En conséquence, et pour la première fois en cause d’appel, il demande à la cour d’ordonner à l’employeur sous astreinte de régulariser les cotisations retraite du salarié durant toute la période d’embauche.
La cour rappelle que ce sont les organismes sociaux qui sont créanciers des cotisations sociales dues par l’employeur au cours de l’exécution du contrat, de sorte que le salarié n’a aucun titre pour réclamer la régularisation des cotisations sociales.
Il s’ensuit que la demande en ce qu’elle est dirigée contre l’employeur n’est pas fondée.
En conséquence, et en ajoutant au jugement déféré, la cour la rejette.
10 – Sur les demandes accessoires
Les dépens de première instance et d’appel, suivant le principal, seront supportés par l’employeur.
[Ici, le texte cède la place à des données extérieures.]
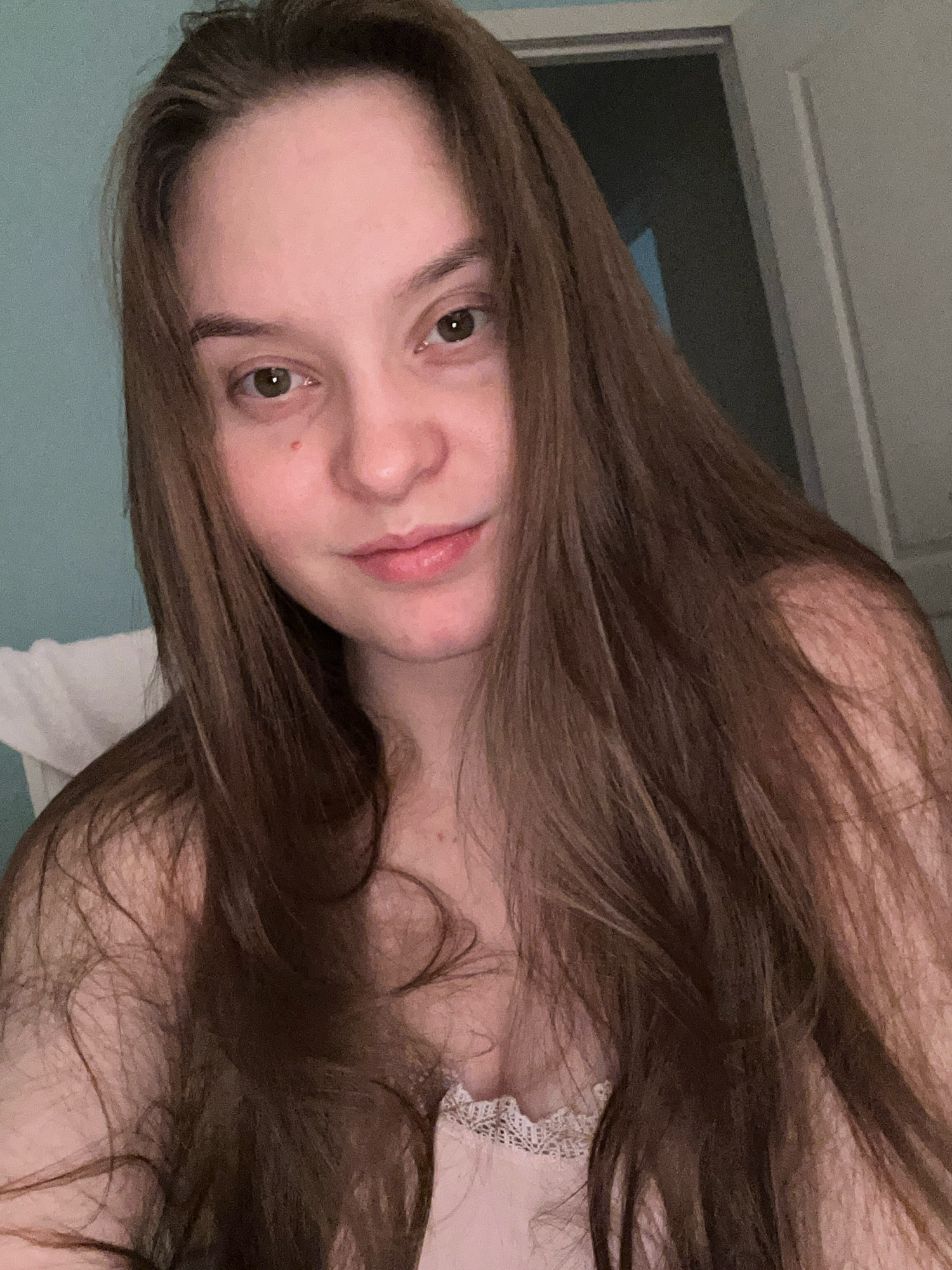 A young woman with long, dark brown hair is shown in a close-up selfie. She is looking directly at the camera with a neutral expression. Her hair falls loosely around her shoulders and chest. She is wearing a light-colored garment with lace detailing visible at the neckline. The background appears to be an indoor setting, with a pale blue wall on the left and a doorway with a white door on the right. The lighting is soft and ambient. There are no discernible objects or interactions to note, and the image does not contain information about the city of Noviy, Russia.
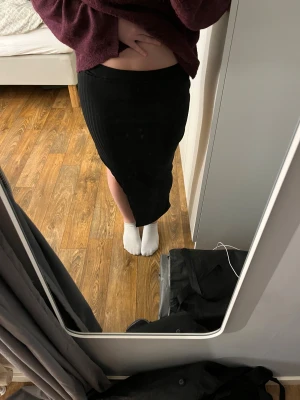 Svart ribbad långkjol - Säljer en svart långkjol med ribbad struktur och tight passform. Kjolen har en enkel, rak siluett och är gjord i ett mjukt, stretchigt material.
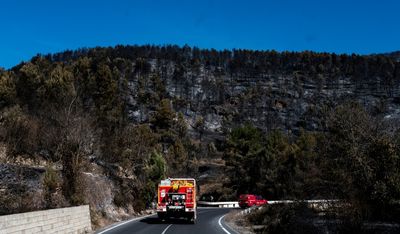 Spain says containing wildfire as conditions improve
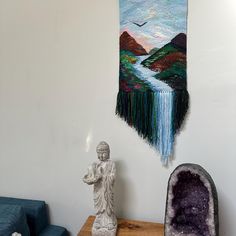 a room with a statue, couch and tapestry hanging on the wall next to it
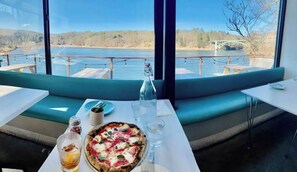 A dining area with a table set for two, a pizza, a bottle, and glasses, overlooking a body of water with a bridge in the distance. - Honesdale Escape ~ A Place to Remember. (Honesdale)
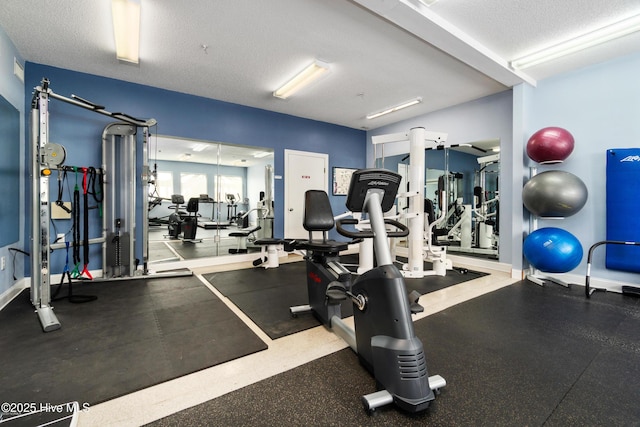 exercise room featuring a textured ceiling and baseboards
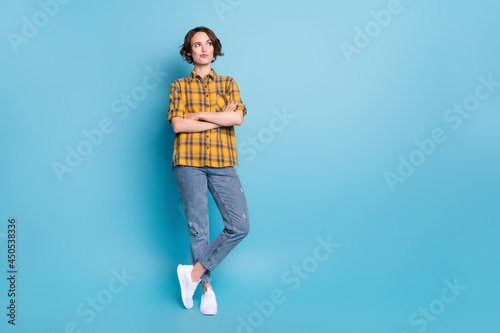 Photo of pensive lady crossed arms look empty space wear plaid shirt jeans shoes isolated blue color background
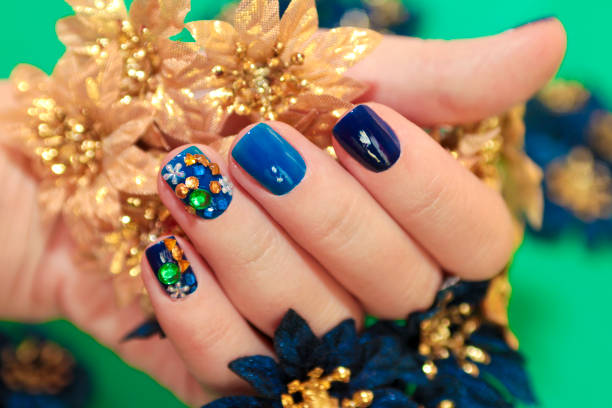 istock Bright blue manicure with the design of rhinestones. 1125848176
L’équité et les situations économiques respectives des parties justifient qu’il soit fait application de l’article 700 du code de procédure civile pour les frais en cause d’appel dans la mesure énoncée au dispositif.
PAR CES MOTIFS,
La cour,
Statuant contradictoirement et publiquement par mise à disposition au greffe, les parties ayant été préalablement avisées dans les conditions de l’article 450 du code de procédure civile,
CONFIRME le jugement déféré en ce qu’il a rejeté les demandes de:
– comparution sous serment de Mme [P],
– rejet des débats des pièces produites par le salarié,
CONFIRME le jugement déféré en ce qu’il a rejeté les demandes:
– indemnitaires au titre de la surcharge de travail liée aux heures supplémentaires, au titre des visites médicales périodiques, au titre du repos hebdomadaire, au titre de la contrepartie obligatoire en repos et au titre de l’exécution déloyale du contrat de travail;
– au titre d’un licenciement sans cause réelle et sérieuse,
– de régularisation des cotisations sociales au titre de la retraite,
INFIRME le jugement déféré en toutes ses autres dispositions,
STATUANT à nouveau sur les chefs infirmés et Y AJOUTANT,
CONDAMNE M. [R] à payer à M. [F] la somme de 52 807.83 euros à titre de rappel d’heures supplémentaires et celle de 5 280.78 euros au titre des congés payés afférents,
CONDAMNE M. [R] à payer à M. [F] la somme de 18 300 euros au titre de l’indemnité pour travail dissimulé,
DIT que les sommes allouées ci-dessus sont exprimées en brut,
RAPPELLE que les sommes de nature salariale portent intérêts au taux légal à compter de la date de la réception par l’employeur de sa convocation devant le bureau de conciliation, les autres sommes portant intérêts au taux légal à compter du présent arrêt,
REJETTE la demande au titre de la régularisation des cotisations sociales au titre de la retraite,
CONDAMNE M. [R] à payer à M. [F] la somme de 2 000 euros au titre de l’article 700 du code de procédure civile pour les frais de première instance et d’appel,
CONDAMNE M. [R] aux dépens de première instance et d’appel.